ASSIGNED TASK: Only the lines from the one containing "Hi, welcome back" through the last line below belong in your copy; transcribe them exactly and omit any pictures.
(Beginning of INPUT RECORDS)
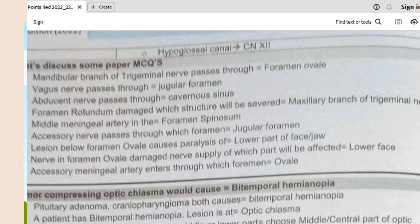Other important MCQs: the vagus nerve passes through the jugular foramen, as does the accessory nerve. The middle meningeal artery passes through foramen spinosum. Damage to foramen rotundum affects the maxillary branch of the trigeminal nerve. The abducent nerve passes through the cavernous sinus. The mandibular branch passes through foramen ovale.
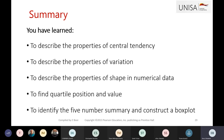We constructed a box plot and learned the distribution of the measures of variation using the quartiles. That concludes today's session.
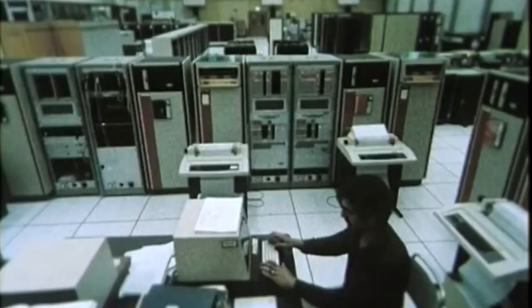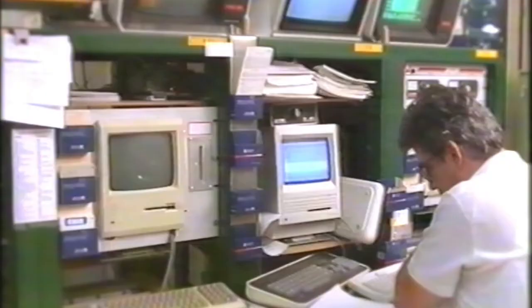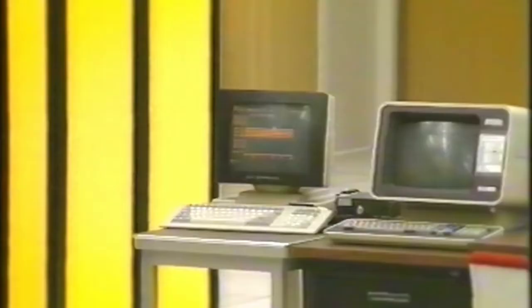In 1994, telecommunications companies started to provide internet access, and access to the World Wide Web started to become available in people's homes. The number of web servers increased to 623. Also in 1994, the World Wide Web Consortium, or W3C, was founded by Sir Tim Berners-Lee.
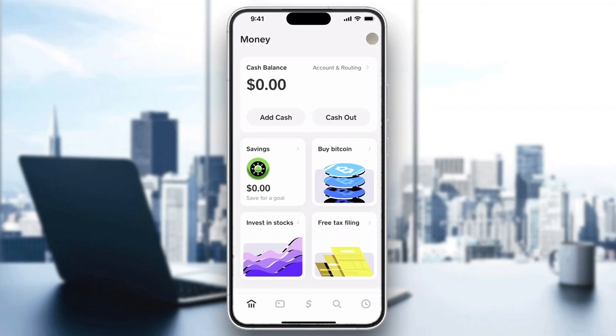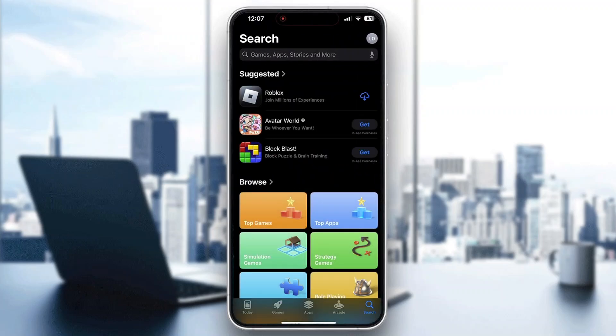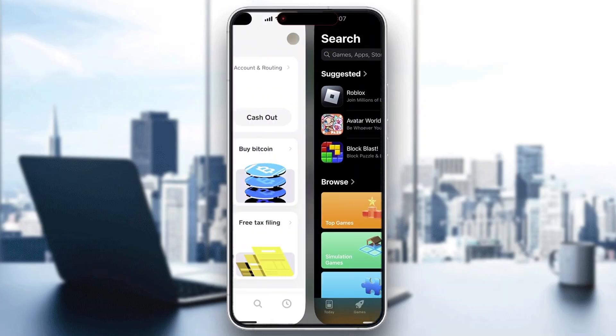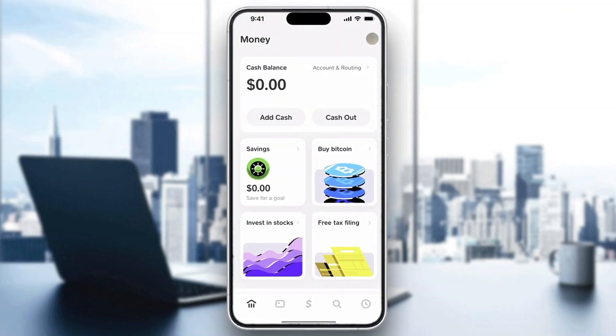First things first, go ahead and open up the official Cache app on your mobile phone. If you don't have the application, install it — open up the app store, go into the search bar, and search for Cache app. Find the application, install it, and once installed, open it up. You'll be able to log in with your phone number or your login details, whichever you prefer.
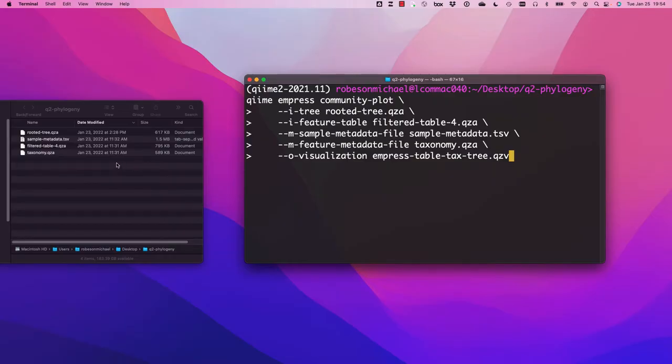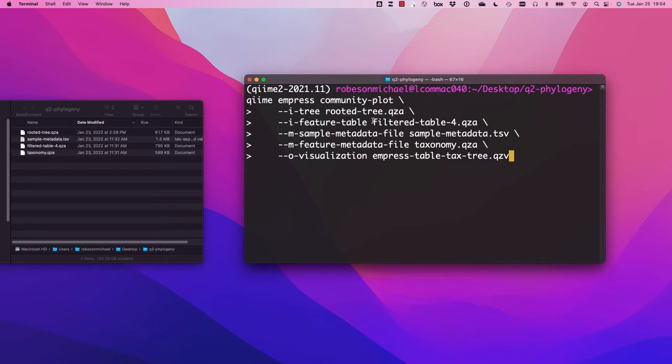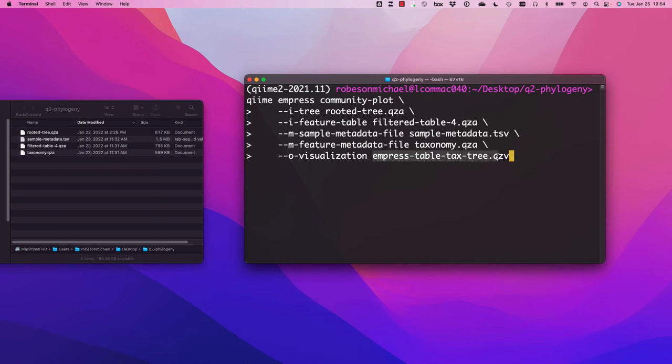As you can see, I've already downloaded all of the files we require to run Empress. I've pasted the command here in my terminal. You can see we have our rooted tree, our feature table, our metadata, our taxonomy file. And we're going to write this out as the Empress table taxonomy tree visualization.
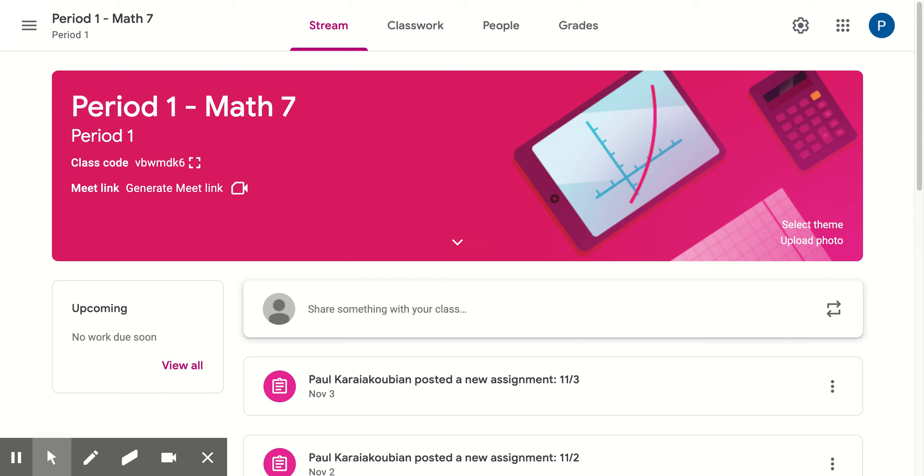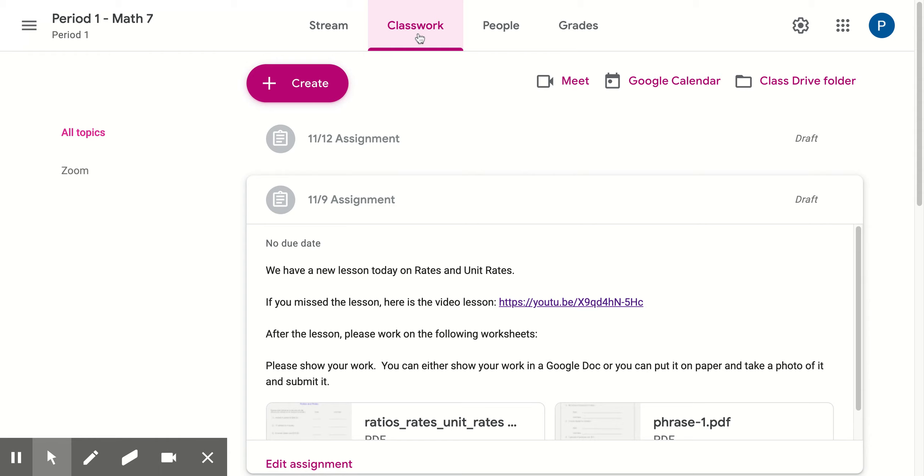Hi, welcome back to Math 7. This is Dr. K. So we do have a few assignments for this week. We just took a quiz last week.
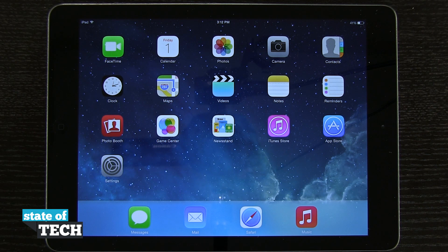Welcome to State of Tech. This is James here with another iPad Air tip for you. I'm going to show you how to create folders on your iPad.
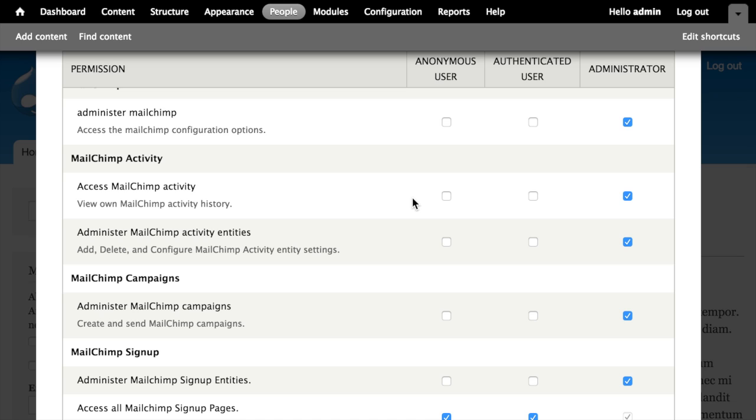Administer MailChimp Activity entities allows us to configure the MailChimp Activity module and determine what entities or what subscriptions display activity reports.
(End of INPUT RECORDS)
RESULT FOR THIS EXERCISE:
Hi, welcome back to Math 7. This is Dr. K. So we do have a few assignments for this week. We just took a quiz last week.
Welcome to State of Tech. This is James here with another iPad Air tip for you. I'm going to show you how to create folders on your iPad.
Administer MailChimp Activity entities allows us to configure the MailChimp Activity module and determine what entities or what subscriptions display activity reports.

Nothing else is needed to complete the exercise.